▶ [Task instructions]: Beginning at the top of the data below, restate every line word for word until the line containing "Neon Birthday Junk" has been included, and omit the pictures.

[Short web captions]
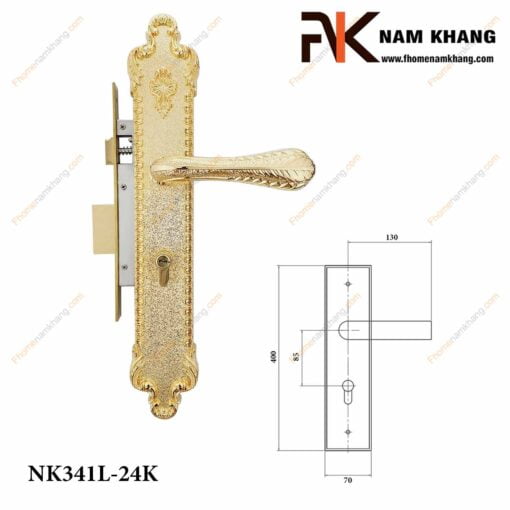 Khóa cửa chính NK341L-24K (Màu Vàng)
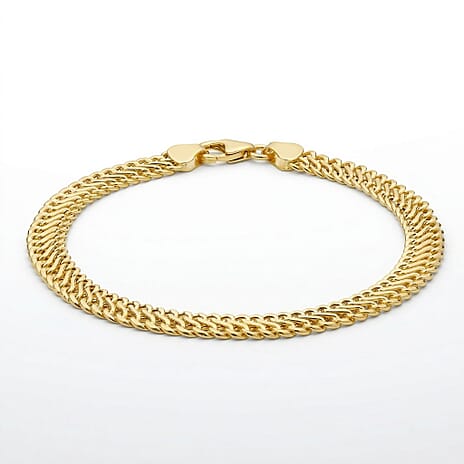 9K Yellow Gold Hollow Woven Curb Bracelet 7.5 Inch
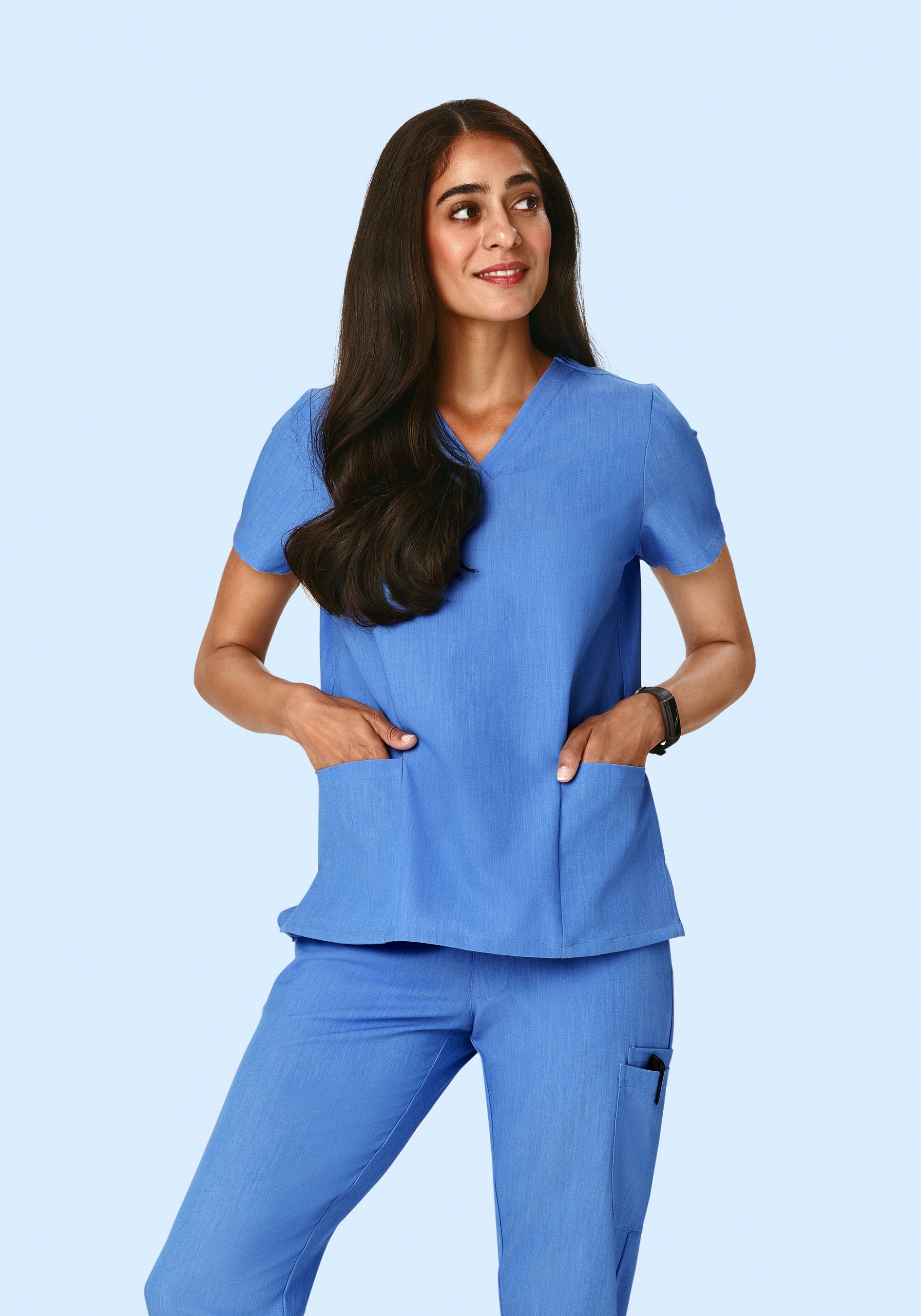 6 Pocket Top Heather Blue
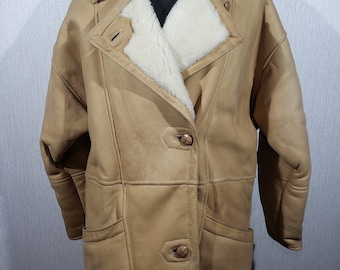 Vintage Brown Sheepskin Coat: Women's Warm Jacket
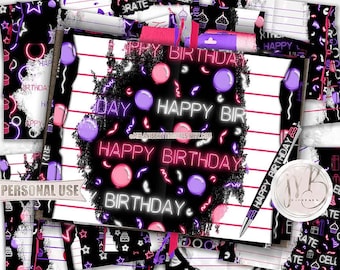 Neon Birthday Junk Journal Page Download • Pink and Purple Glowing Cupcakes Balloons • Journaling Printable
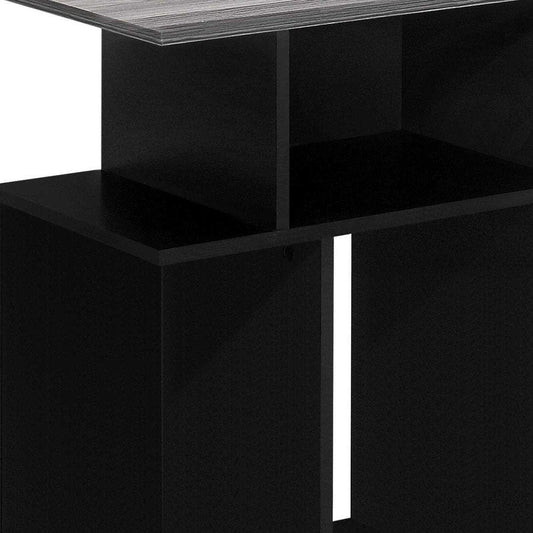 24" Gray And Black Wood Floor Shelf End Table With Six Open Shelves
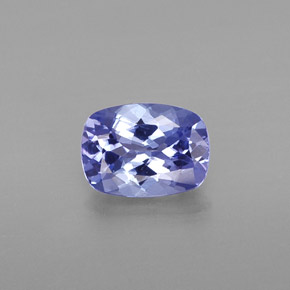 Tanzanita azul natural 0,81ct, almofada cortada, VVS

▶ [Final answer]:
 Khóa cửa chính NK341L-24K (Màu Vàng)
 9K Yellow Gold Hollow Woven Curb Bracelet 7.5 Inch
 6 Pocket Top Heather Blue
 Vintage Brown Sheepskin Coat: Women's Warm Jacket
 Neon Birthday Junk Journal Page Download • Pink and Purple Glowing Cupcakes Balloons • Journaling Printable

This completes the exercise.